Other challenges I’ve had is eating out at friends places. These are the first friends that have dared invite me to dinner, with my dietary requirements of no dairy and most vegan. I guess its daunting to people. I know a few years ago someone told me they were vegetarian and I was like oh so you still eat fish right? Then when I had to give up the dairy I think I cried for 2 days. I didn’t know what else was out there. Most of us are alot more in the know about food, with all these cooking shows, but pretty much all of this knowledge is based in food from animals. Anyway, last night our friends invited us to a lovely Indian dinner at their place. The food was great and really authentic. I tried to only eat the vegetarian dishes, but I couldn’t help try their meat specialities as well. For the most part I felt really rude not trying it. Ok I was curious as well. It makes me worry about what will happen when I do make the complete stand that I will not consume animal products. I guess gradually I will pick up tips along the way that will help me to avoid meat. Its still early days and I think I am doing well.

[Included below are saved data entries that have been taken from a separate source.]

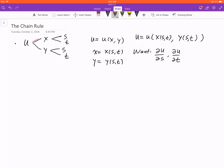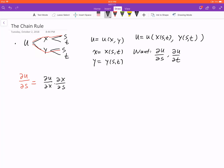Here is one chain from x to s, and here is another chain. When we take derivatives, we need to finish both chains. So ∂u/∂s equals (∂u/∂x)(∂x/∂s) — that finishes the first chain — plus (∂u/∂y)(∂y/∂s). That finishes the derivative with respect to s. That's the chain rule.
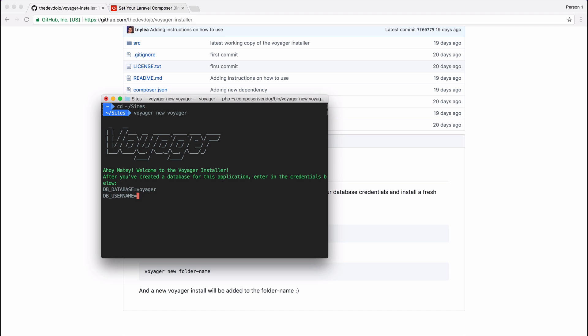Then it's going to ask for the username and it's just root in my case, and the password is empty. And for the app URL, since I'm using Laravel Valet, anytime I add a new folder to my sites folder I can then visit that application at the folder name .dev. So in my case I installed it in a Voyager folder, so this will be voyager.dev.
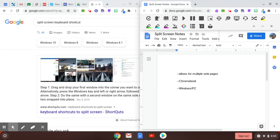So that is how to split screens. Remember with the Chromebooks you use the alt and the bracket keys.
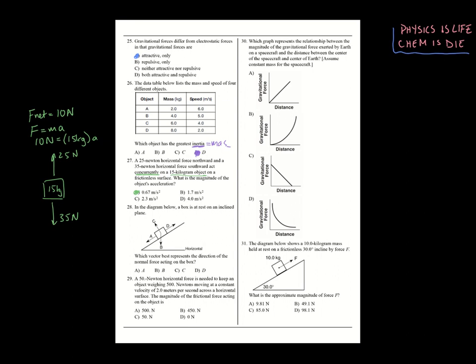Number twenty-eight: which diagram best represents the direction of the normal force? Normal force comes out of the surface, shooting outward perpendicular to the plane. That's choice C — the one that shoots up out of the plane.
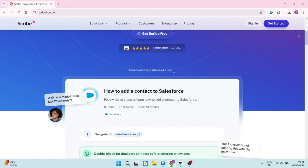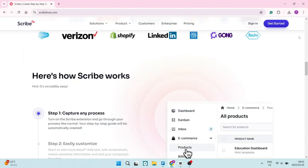They also offer a desktop application for capturing workflows performed on your computer, which ensures that you can document any process regardless of the application you're using. Scribe allows you to annotate screenshots with text, arrows, and shapes, which can help you highlight important details and provide clear instructions. It also allows you to edit and customize the steps in your guide, adding additional information or clarifying instructions.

Half a Veggie Burger from Green Edge

On brighter news, today I went to Green Edge with my boyfriend and our Mums’ for the bake sale for World Animal Day! We were really hungry when we arrived so we all shared a burger, well not 1 burger between 4, but 2 between 2. We all ordered the Veggie burger, which was a lentil pattie with mango chutney, aioli, tomato and lettuce. It also came with a side salad. It was really good and I was annoyed that Marco ordered 1 to share. We also all got their blueberry smoothies. I don’t know what they put in them but god they were good! The reason we ordered so little was we were really there for the sweets. They had carrot cake, raspberry chocolate brownies, cupcakes and heaps of different biscuits. I sampled 3 different ones, all for the animals of course. So it was definitely worth the trip. For all you guys in Brisbane, if you want a nice place to have coffee and really great brownie or cheese cake, I really recommend this place. Trust me you wont know its vegan! It has Marco’s tick of approval. For all the vegan desserts I have tried to make at home, that he has says “it’s nice, but I’d still prefer…”. These desserts are as he says ‘at the top of their game’. The staff are really friendly as well and can answer any questions you have and give great advice on what products taste the best. It’s also a supermarket, so its a wonderland for animal free products, including cheeses, ice creams and mock meat products.